Singulos illorum hortabatur voce patria fortiter.
« Elle encourageait chacun d'eux d'une voix forte. »
(II Mach., VII.)
Le massacre passait dans toute la Vendée ;
La colonne infernale allumait ses brûlots,
Elle incendiait tout, versait le sang à flots ;
Notre pauvre province en était inondée.
Dans dix combats vaincus par les soldats du roi,
Qu'ils avaient méprisés et qu'ils traitaient d'infâmes,
Ces fiers républicains tuaient enfants et femmes,
Dont le seul crime était d'avoir encor la foi.
Le général Grignon, cet homme sans entrailles,
Et qui n'eut d'autre loi que sa férocité,
Massacrait par plaisir, vantait sa cruauté ;
Ayant soin de s'enfuir la veille des batailles.
Un jour, il se trouvait au village du Pin.
Les habitants tremblaient, car ils étaient sans armes.

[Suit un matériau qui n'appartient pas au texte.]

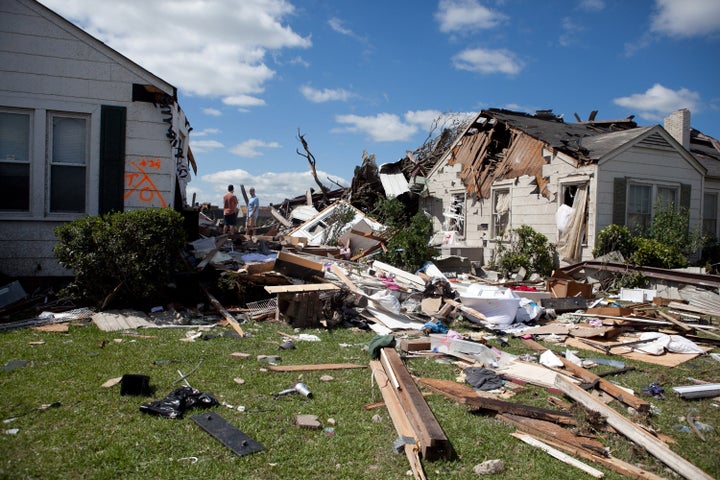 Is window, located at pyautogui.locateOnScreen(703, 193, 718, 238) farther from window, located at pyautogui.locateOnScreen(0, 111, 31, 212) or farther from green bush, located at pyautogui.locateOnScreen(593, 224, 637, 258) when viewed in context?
window, located at pyautogui.locateOnScreen(0, 111, 31, 212)

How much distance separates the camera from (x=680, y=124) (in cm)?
1692

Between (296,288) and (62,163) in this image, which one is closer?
(296,288)

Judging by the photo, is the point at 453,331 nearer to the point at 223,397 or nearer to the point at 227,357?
the point at 227,357

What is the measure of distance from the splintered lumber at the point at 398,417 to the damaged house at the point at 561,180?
9.47 m

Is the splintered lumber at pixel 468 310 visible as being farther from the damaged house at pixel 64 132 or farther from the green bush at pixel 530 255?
the damaged house at pixel 64 132

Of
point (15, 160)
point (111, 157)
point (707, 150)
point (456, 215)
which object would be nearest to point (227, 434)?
point (111, 157)

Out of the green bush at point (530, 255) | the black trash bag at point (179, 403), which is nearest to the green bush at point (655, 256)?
the green bush at point (530, 255)

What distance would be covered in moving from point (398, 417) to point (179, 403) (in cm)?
187

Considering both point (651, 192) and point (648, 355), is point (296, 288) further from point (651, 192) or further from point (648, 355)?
point (651, 192)

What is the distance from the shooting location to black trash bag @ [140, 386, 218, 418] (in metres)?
4.06

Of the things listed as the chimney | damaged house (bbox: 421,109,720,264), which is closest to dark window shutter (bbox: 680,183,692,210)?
damaged house (bbox: 421,109,720,264)

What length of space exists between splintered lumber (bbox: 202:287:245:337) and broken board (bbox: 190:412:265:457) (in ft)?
9.45

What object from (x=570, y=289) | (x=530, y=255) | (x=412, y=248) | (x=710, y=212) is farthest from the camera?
(x=710, y=212)

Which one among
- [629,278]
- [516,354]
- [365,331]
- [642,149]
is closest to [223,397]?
[365,331] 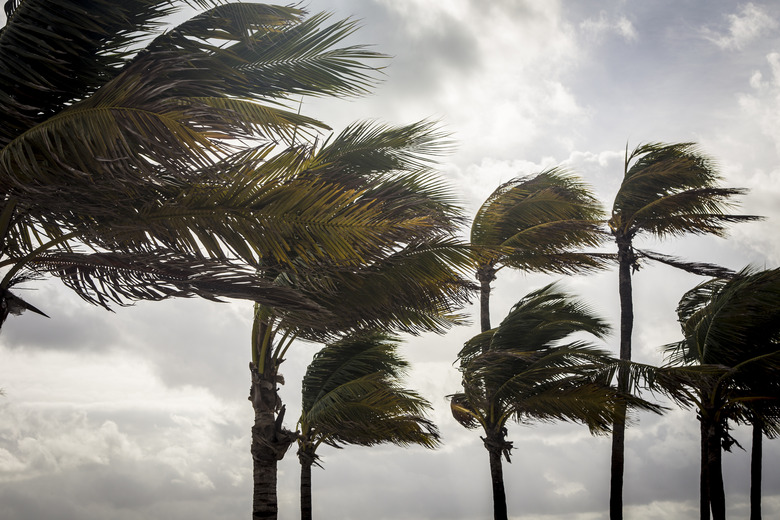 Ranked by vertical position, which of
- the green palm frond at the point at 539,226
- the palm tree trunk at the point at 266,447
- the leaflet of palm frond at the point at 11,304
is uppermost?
the green palm frond at the point at 539,226

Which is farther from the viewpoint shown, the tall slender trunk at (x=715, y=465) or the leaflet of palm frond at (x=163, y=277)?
the tall slender trunk at (x=715, y=465)

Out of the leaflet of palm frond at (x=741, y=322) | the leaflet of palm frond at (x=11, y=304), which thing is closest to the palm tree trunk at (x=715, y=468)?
the leaflet of palm frond at (x=741, y=322)

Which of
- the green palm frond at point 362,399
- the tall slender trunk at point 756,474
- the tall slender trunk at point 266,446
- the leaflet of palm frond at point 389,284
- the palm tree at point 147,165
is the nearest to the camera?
the palm tree at point 147,165

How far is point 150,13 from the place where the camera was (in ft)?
21.4

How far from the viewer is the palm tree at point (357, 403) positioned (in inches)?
552

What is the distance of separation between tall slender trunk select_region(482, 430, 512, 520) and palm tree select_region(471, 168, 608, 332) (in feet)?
10.1

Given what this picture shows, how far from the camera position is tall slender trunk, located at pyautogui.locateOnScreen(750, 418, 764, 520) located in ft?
62.1

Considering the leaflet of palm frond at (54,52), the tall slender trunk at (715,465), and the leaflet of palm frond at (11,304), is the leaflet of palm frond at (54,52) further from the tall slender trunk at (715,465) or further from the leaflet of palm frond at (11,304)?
the tall slender trunk at (715,465)

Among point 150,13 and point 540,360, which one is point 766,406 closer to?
point 540,360

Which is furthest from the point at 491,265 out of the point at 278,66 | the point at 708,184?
the point at 278,66

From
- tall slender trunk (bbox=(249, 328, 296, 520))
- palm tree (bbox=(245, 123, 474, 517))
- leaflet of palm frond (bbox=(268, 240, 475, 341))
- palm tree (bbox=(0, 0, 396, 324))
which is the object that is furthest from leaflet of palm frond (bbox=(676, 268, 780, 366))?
palm tree (bbox=(0, 0, 396, 324))

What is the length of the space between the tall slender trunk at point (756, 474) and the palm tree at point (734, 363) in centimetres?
552

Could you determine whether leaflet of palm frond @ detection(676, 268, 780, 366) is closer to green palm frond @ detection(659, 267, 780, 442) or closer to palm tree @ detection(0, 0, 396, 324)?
green palm frond @ detection(659, 267, 780, 442)

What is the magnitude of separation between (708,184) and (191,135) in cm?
1618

Et, pour fléchir le monstre, ils viennent avec larmes
Offrir à ce bourreau leur argent et leur pain.
Et le brigand riait, d'un rire satanique,
Devant ces malheureux implorant sa pitié :
« Je veux bien vous donner, dit-il, mon amitié,
Mais criez tout d'abord : Vive la République ! »
Il entendit monter ce cri : « Vive le Roi !
De Louis nous portons tous la blanche cocarde ;
Frappe-nous, si tu veux, chacun de nous la garde ;
Nous mourrons en chrétiens, sans regrets, sans effroi ! »
Grignon, surexcité par ce trait d'héroïsme,
En lançant un juron fixe aussitôt leur sort :
« Que ces pieux bandits soient conduits à la mort !
Tuez-les lentement », dit-il avec cynisme.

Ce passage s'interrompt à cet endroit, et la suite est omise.